Is the line integral of tangential force in pendulum equal to the negative of change in potential energy?

[zenterix]

Homework Statement

In doing some seemingly simple calculations related to a simple pendulum, I ran into some doubts.

Relevant Equations

I am wondering if the line integral of the tangential component of gravitational force along the pendulum trajectory is equal to the negative of change in potential energy?

Consider a simple pendulum as depicted below

Consider the integral

$$\int \vec{F_g}\cdot d\vec{r}$$

My question is if we can equate this to the negative of a change in a potential energy function, ie $-\Delta U$?

Since $F_g$ is conservative, by the 2nd fundamental theorem of calculus for line integrals, the line integral above is indeed the change in some potential function.

My question is if this potential function is the same as whatever the commonly used potential energy function is for this problem?

In the case of a particle moving straight along an $x$-axis we have $\int \vec{F}\cdot d\vec{r}=\int_{x_i}^{x_f} Fdx$ and if $F$ is conservative then we consider the potential function of $F$ to be a function $-U(x)$.

In the case of the pendulum we have

$$\vec{F}_g=-mg\sin{\theta}\hat{\theta}+mg\cos{\theta}\hat{r}\tag{1}$$

$$d\vec{r}=Ld\theta\hat{\theta}\tag{2}$$

Then

$$\int\vec{F_g}\cdot d\vec{r}=\int_\theta^0 (-mgL\sin{\theta}) d\theta\tag{3}$$

$$=mgL(1-\cos{\theta})\tag{4}$$

One option is to equate this to $-\Delta U = U(\theta)-U(0)$ and define $U(0)=0$. Then

$$mgL(1-\cos{\theta})=U(\theta)\tag{5}$$

On the other hand, in (3) we could have written

$$\int\vec{F_g}\cdot d\vec{r}=\int_\theta^0 (-mgL\sin{\theta}) d\theta=L\int_\theta^0 (-mg\sin{\theta})d\theta\tag{5}$$

$$=L\cdot (mg(1-\cos{\theta})\tag{6}$$

$$=LU(\theta)\tag{7}$$

Consider a different calculation

$$\int \vec{F}\cdot d\vec{r}=\int \frac{d}{d\theta} \left (-U(\theta)\right )\hat{\theta}\cdot Ld\theta \hat{\theta}$$

$$=-L\int dU$$

$$=-L\Delta U$$

It seems that the integral $\int \vec{F}\cdot d\vec{r}$ is not equal to $-\Delta U$ anymore, which at first glance seems it should be since I am integrating $\frac{d}{d\theta} (-U(\theta))$.

However, I am integrating with respect to $d\vec{r}=Ld\theta$ not $d\theta$.

 

[zenterix]

I think the mistake is thinking I can write $\vec{F}=-\frac{d}{d\theta}U(\theta)$ though I am not sure exactly why yet.

 

[kuruman]

I think the mistake is thinking I can write $\vec{F}=-\frac{d}{d\theta}U(\theta)$ though I am not sure exactly why yet.

It's dimensionally incorrect.

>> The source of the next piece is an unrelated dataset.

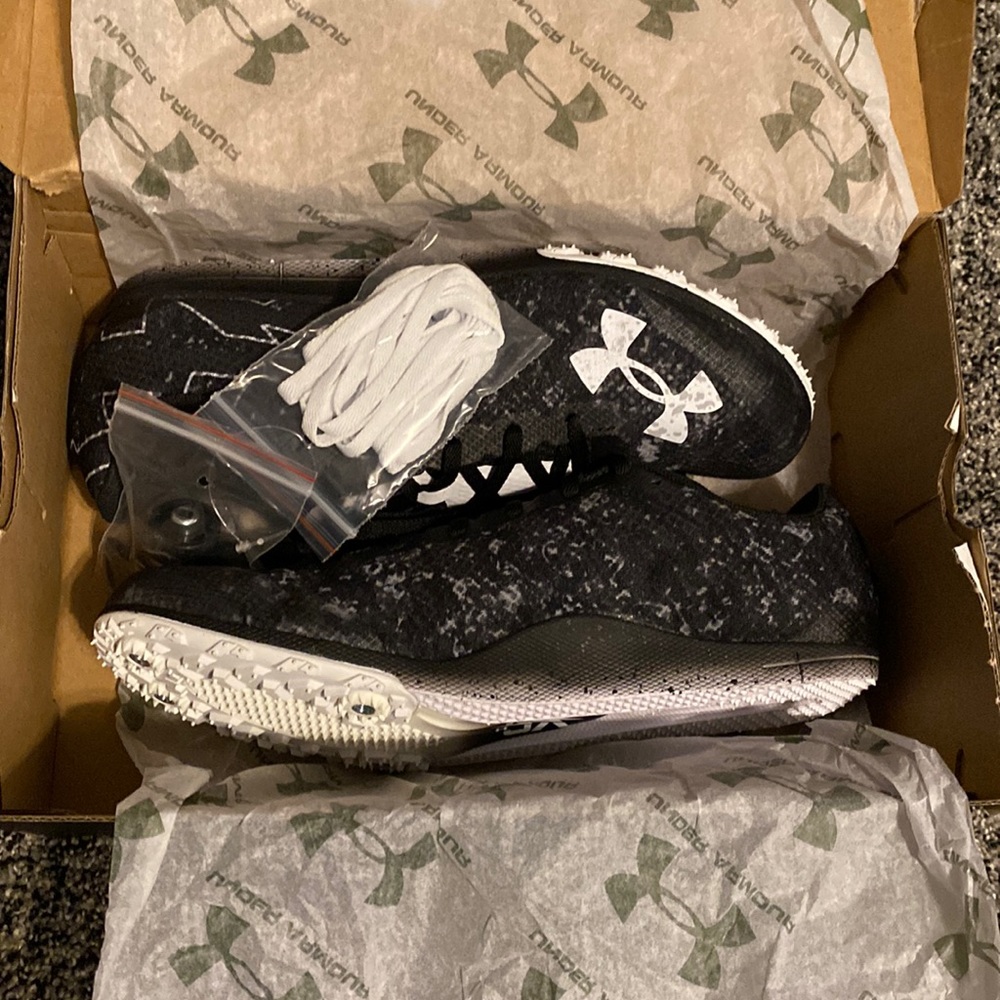 Under Armour UA Brigade XC Low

The correct expression is $\mathbf F=-\mathbf{\nabla}U.$ You can then write the gradient in Cartesian, cylindrical etc. coordinates.

 

[zenterix]

The correct expression is F=−∇U. You can then write the gradient in Cartesian, cylindrical etc. coordinates.

I am aware of this but in the case of the pendulum it seems we have only one dimension, $\theta$.

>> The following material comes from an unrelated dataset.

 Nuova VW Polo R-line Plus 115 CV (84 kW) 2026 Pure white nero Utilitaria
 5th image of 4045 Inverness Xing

At this point I think I understand what is happening.

We have $\vec{F}_T(\theta)=-mg\sin{\theta}\hat{\theta}$, the tangential component of the gravitational force. We see it is a function only of $\theta$. We know it is conservative.

If we integrate this function with respect to $\theta$ then we get the difference in a potential function. We define the (potential energy) function $U(\theta)$ to be the negative of the potential function of $\vec{F}(\theta)$.

When we want to compute the work done by $\vec{F}_T$ along the trajectory of the pendulum we need to compute

$$\int\vec{F_T}\cdot d\vec{r}$$

We are not integrating $\vec{F}_T$ with respect to $\theta$ but rather with respect to $L\theta$.

All this entails is multiplying the integral of $\vec{F}_T$ with respect to $\theta$ by the constant $L$.

Thus,

$$\int\vec{F}_T\cdot d\vec{r}=L\int\vec{F}_T\cdot d\theta\hat{\theta}=L\int F_Td\theta=L\Delta U(\theta)$$